### SUPPLIED DATA
····················
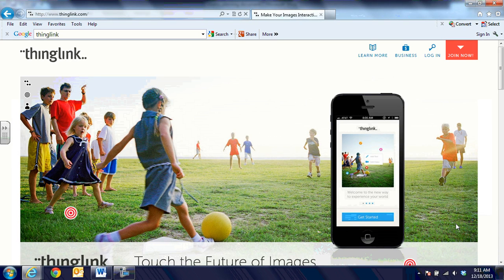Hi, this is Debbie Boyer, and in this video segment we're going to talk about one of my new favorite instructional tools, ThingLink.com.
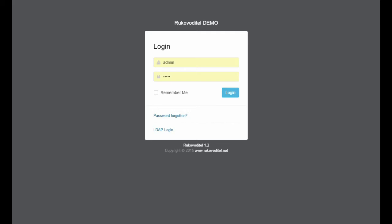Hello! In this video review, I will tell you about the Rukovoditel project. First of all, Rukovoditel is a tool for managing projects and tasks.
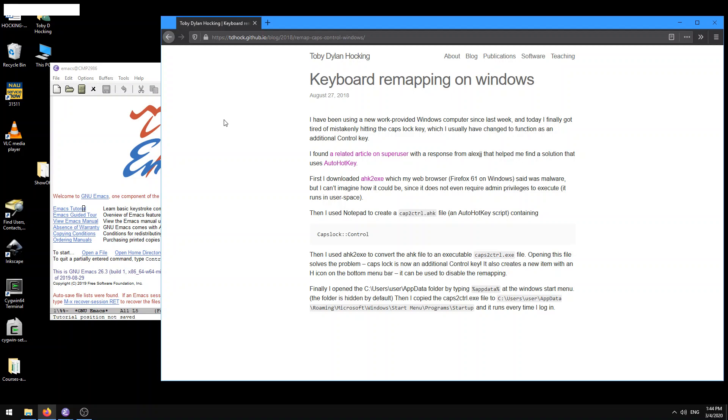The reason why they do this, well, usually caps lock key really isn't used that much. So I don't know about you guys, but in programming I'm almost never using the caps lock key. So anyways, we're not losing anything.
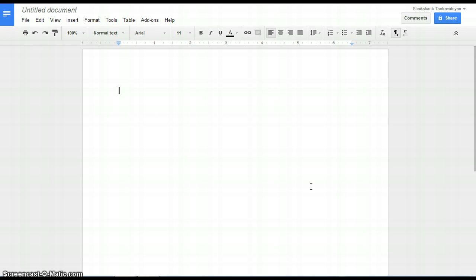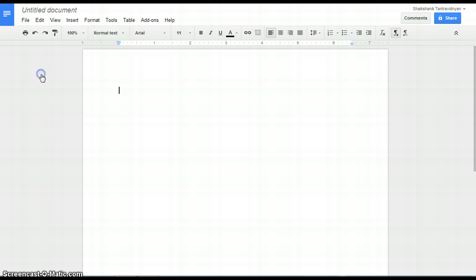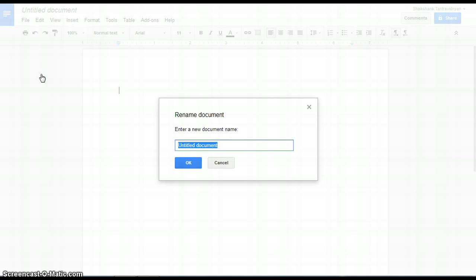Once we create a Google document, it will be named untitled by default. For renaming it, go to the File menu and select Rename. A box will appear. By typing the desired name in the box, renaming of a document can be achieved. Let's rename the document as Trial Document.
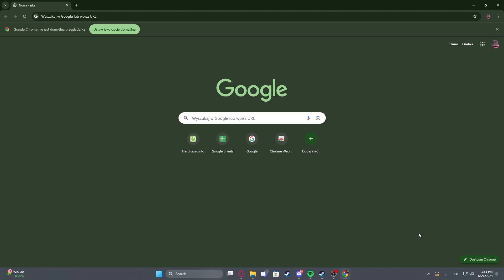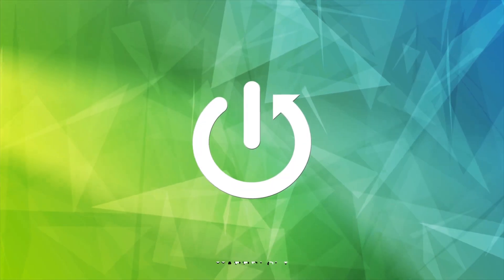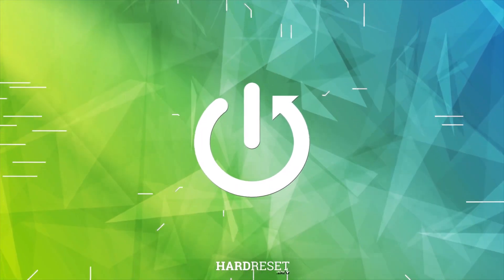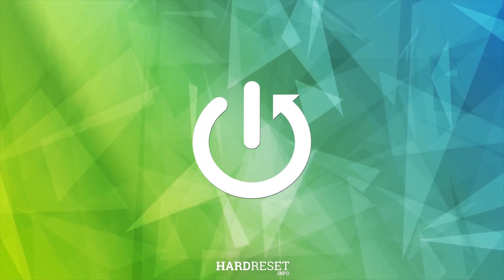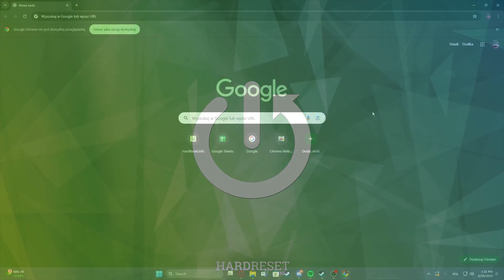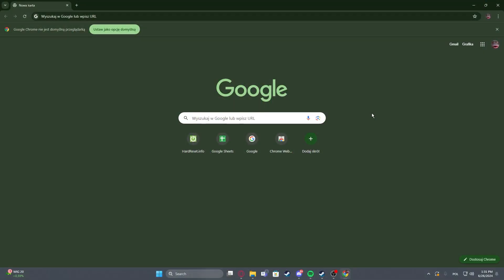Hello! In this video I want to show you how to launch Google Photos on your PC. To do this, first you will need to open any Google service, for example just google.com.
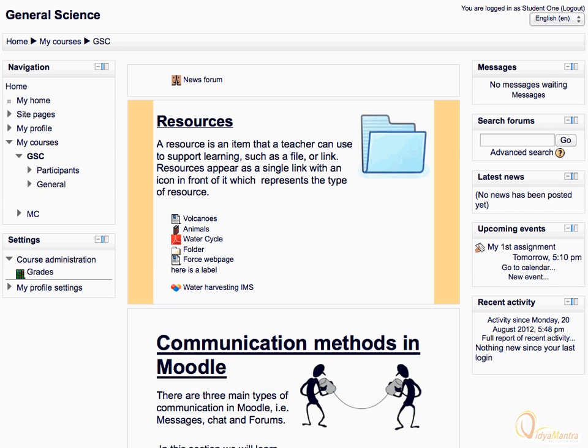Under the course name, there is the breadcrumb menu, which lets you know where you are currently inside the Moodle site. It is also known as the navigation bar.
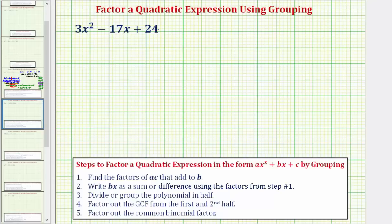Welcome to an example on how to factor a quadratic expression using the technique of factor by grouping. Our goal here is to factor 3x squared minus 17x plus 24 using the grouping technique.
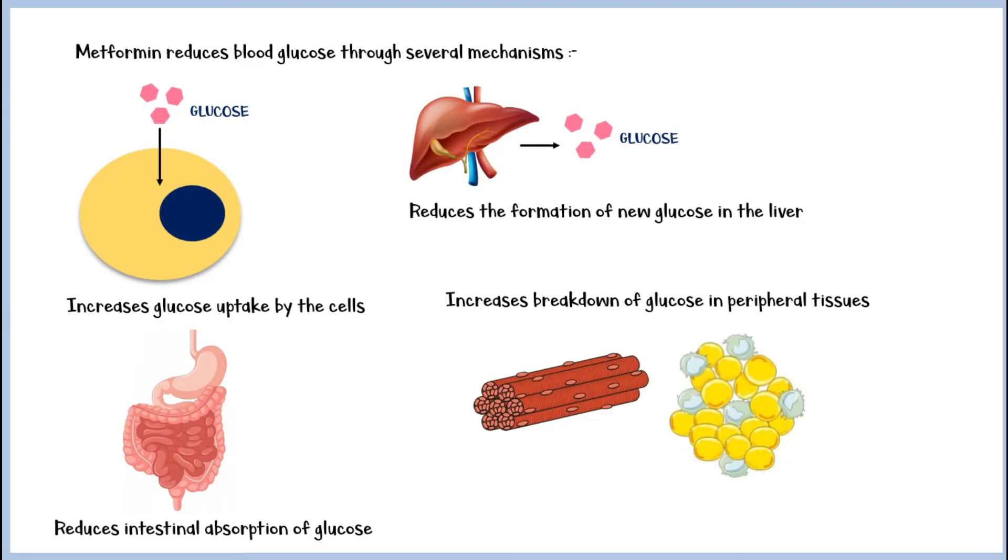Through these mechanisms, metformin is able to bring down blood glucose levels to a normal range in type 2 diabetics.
····················
### TO DO
Give the listing above again word for word, without its pictures.

### EXERCISE RESULT
Hi, this is Debbie Boyer, and in this video segment we're going to talk about one of my new favorite instructional tools, ThingLink.com.
Hello! In this video review, I will tell you about the Rukovoditel project. First of all, Rukovoditel is a tool for managing projects and tasks.
The reason why they do this, well, usually caps lock key really isn't used that much. So I don't know about you guys, but in programming I'm almost never using the caps lock key. So anyways, we're not losing anything.
Once we create a Google document, it will be named untitled by default. For renaming it, go to the File menu and select Rename. A box will appear. By typing the desired name in the box, renaming of a document can be achieved. Let's rename the document as Trial Document.
Hello! In this video I want to show you how to launch Google Photos on your PC. To do this, first you will need to open any Google service, for example just google.com.
Under the course name, there is the breadcrumb menu, which lets you know where you are currently inside the Moodle site. It is also known as the navigation bar.
Welcome to an example on how to factor a quadratic expression using the technique of factor by grouping. Our goal here is to factor 3x squared minus 17x plus 24 using the grouping technique.
Through these mechanisms, metformin is able to bring down blood glucose levels to a normal range in type 2 diabetics.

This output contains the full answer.